Demographic characteristics, clinical variables and corresponding statistics of differences between diagnostic groups are summarized in Table 1. A significant difference between groups was observed in the age of the patients (p = 0.03). Post hoc Tukey tests revealed that this difference was only significant between the neurological and psychiatric group (mean age difference of 4.84 years, p = 0.02), which was not part of our binary comparisons. In line with our previous reports, a significant difference was observed between the SRI test scores as estimated by a one-way Kruskal-Wallis ANOVA (p < 0.0001). Post hoc tests revealed a significant difference between bvFTD and psychiatric (mean difference of 11.3, p < 0.0001) and bvFTD and neurological (mean difference of 14.5, p < 0.0001) groups [21, 45].
Demographic and clinical variables at baseline
Education in Verhage scale [29]; IQR, interquartile range; MMSE, Mini-Mental State Examination; FBI, Frontal Behavioral Inventory; SRI, Stereotype Rating Inventory; TIV, total intracranial volume aone-way ANOVA test, b χ 2 test, cKruskall-Wallis H test, *p < 0.05.
Support vector machine classification
The accuracy of all binary classification tasks ranged between 72–82% (Table 2 and Fig. 1) with the highest accuracy per classification always achieved using a combination of clinical and MRI data. The top accuracies per classification task were: 79% (p < 0.001) for bvFTD versus neurological + psychiatric, 81% (p < 0.001) for bvFTD versus neurological and 82% (p < 0.001) in the bvFTD versus psychiatric classification. In general, sensitivity (67–79%) was slightly lower than specificity (77–89%) implying a better performance of identifying non-bvFTD patients than bvFTD patients. AUC values of 0.75–0.90 indicated a generally high performance of the classifiers.
Cross-validated average accuracy, sensitivity, specificity and AUC of the four classification problems for the four data usage approaches across 500 undersampling iterations
p-value was calculated using a label permutation test (1000 iterations). SD: standard deviation, AUC: area under receiver-operator curve. aMulti-class classification with 3 classes: chance level is at 33.33%. bAccuracy of correctly classifying bvFTD. cAccuracy of correctly classifying neurological (first line) and psychiatric (second line) groups. *pBonferroni < 0.05.

Boxplots of various performance metrics of classifiers across three binary (bvFTD versus Neurological + Psychiatric, bvFTD versus Neurological and bvFTD versus Psychiatric), and one multi-class (bvFTD versus Neurologic versus Psychiatric, ‘one-against-one’ approach) classifications. Boxplots summarize the average cross-validated performance of the metric across the 500 random undersampling iterations. Grey line indicates chance level (50% (0.5) for binary and 33.33% for multi-class). Colors indicate the different data usage approaches.
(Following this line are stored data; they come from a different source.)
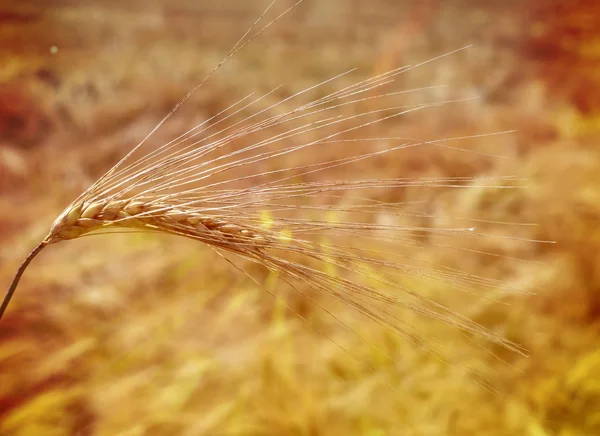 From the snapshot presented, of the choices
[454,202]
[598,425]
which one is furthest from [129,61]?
[598,425]

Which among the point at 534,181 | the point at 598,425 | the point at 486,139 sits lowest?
the point at 598,425

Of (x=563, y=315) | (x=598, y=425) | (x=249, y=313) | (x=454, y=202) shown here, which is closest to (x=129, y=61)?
(x=249, y=313)

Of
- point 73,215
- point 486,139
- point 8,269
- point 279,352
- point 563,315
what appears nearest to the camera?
point 73,215

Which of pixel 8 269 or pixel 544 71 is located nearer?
pixel 8 269

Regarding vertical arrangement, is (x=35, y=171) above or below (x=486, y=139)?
above

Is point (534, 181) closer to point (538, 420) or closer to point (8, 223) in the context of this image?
point (538, 420)

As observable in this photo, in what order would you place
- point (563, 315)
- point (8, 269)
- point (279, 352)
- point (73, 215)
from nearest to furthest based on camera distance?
1. point (73, 215)
2. point (8, 269)
3. point (279, 352)
4. point (563, 315)

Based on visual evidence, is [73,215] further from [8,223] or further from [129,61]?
[129,61]
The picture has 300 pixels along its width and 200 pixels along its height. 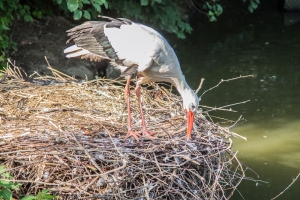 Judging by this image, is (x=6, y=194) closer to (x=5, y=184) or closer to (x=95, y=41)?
(x=5, y=184)

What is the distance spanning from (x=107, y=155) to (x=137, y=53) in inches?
42.4

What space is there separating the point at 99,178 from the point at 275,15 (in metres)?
11.8

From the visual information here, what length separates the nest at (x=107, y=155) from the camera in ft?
13.8

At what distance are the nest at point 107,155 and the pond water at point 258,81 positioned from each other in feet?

Black dots show outliers which are values larger (smaller) than the 3rd (1st) quartile by at least 1.5 times the interquartile range. A) Overall accuracy of the binary classifiers defined as average across sensitivity and specificity. B) Area under receiver-operator curve (AUC). C) Sensitivity and (D) Specificity of binary classification tasks. E) Metrics of the multi-class task: overall accuracy and class-specific (bvFTD, Neurological or Psychiatric) accuracy
In the multi-class case, bvFTD versus neurological versus psychiatric, accuracy between 54–59% could be observed (chance-level at 33.33%). The highest accuracy was again obtained for the combined voxel-wise and clinical data (59%, p < 0.001). While sensitivity for correctly identifying bvFTD was similar across all data views (65–71%), accuracies in correctly predicting the psychiatric or neurological group differed across approaches: clinical data did not provide a very high accuracy in identifying the psychiatric group (42%) while the purely MRI based methods failed at identifying patients with neurological conditions accurately (33–35%). Only the combined data lead to reasonably balanced performances (accuracy for neurological group: 46%, psychiatric group: 60%).
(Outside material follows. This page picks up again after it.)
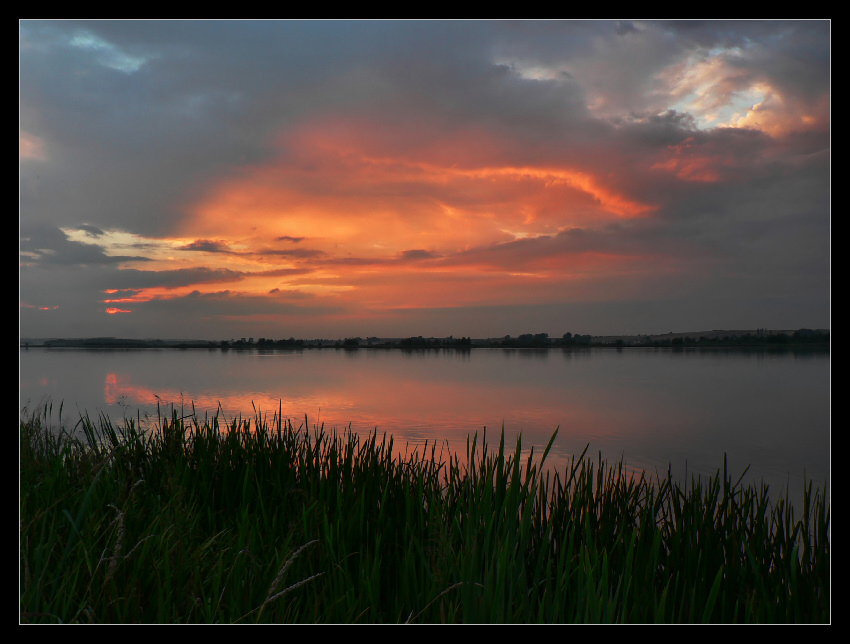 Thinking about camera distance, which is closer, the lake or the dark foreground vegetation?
the dark foreground vegetation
To investigate which patients were consistently correctly (or incorrectly) classified, we quantified how often our classifiers correctly predicted their labels across the 500 random undersampling iterations (Supplementary Figure 1). This showed that accuracies were mainly driven by consistent misclassification of the same few subjects.
Given the strong difference in SRI score between groups we also investigated the usage of the SRI score alone without the addition of other clinical or demographic variables. The obtained classification accuracy was comparable to the results reported for the clinical data (data not shown) which indicates that classification based on clinical data is driven by the difference in SRI score.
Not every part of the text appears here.